Mavi Marmara, uluslararası kamuoyunu bu vurdumduymazlıktan çıkardı. İnsanların gözünü açtı. Dikkat edecek olursanız ardı ardına kınama kararları çıkıyor.
İsrail de, durumun giderek ciddileştiğini görüyor olacak ki, ambargoyu ikinci defa esnekleştirdi.
Ancak, bu kadarı Ankara’yı tatmin etmiyor. Haberlere bakılacak olursa, ambargo tümüyle kalkana kadar Türkiye’nin baskısı sürecek.
Yeni bir yol haritasından söz ediliyor. Bu ortamda işin peşinin bırakılmaması gerektiği üzerinde duruluyor.
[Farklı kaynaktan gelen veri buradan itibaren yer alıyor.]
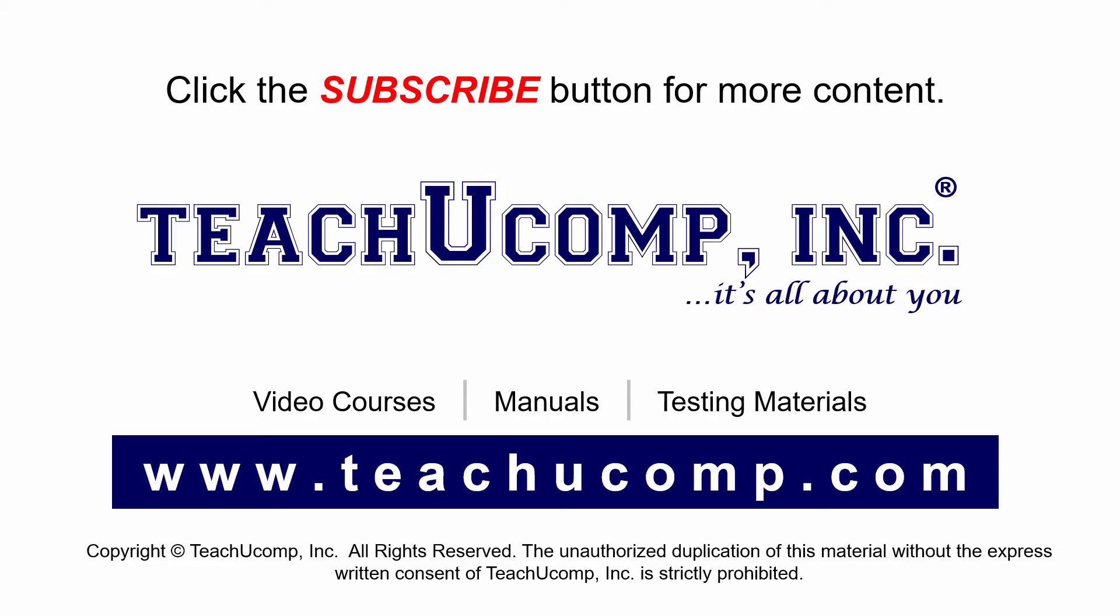If you like our video, click the subscribe button to subscribe to our channel and get easy access to new content. To see our full suite of ad-free video courses and training materials, visit us at teachucomp.com.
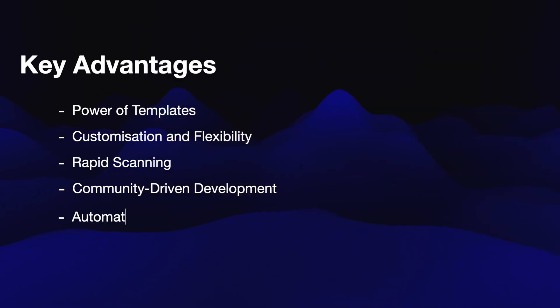Number five is automation. Nuclei is highly automatable, allowing it to be integrated into workflows for continuous vulnerability scanning and remediation.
Anlaşılan, Tayyip Erdoğan-Ahmet Davutoğlu ikilisinin Gazze girişimi daha epey sürecek. Kolay kolay bitmeyecek. Önümüzde gerilimli bir süreç var.
HD farkına inanamazsınız
Doğan Yayın Holding Yönetim Kurulu Üyesi Mehmet Ali Yalçındağ birkaç hafta önce bir SMS mesajı yollayıp “Tavsiye ederim, D-Smart HD kutusunu al ve hem maçları, hem de HD yayınları oradan seyret” dediğinde önceleri pek ilgilenmemiştim. Sonra “bir dene” diye eve kutu yollattı.
İnanamadım.
Meğer biz şimdiye kadar çöplük gibi TV seyrediyormuşuz. TRT HD’den gelen maçları izlemek bir keyif oldu. Hele HD belgesel ve diziler, insanı bambaşka bir dünyaya götürüyor. Mutlaka deneyin. D-Smart para değil. Asıl önemlisi HD ekran almak. Mutlaka alın ve aradaki farkı görün. Zaten haberiniz olsun, birkaç yıl sonra tüm yayınlar HD kalitesinde yapılacak. Yani eliniz mahkum, HD ekran alacaksınız.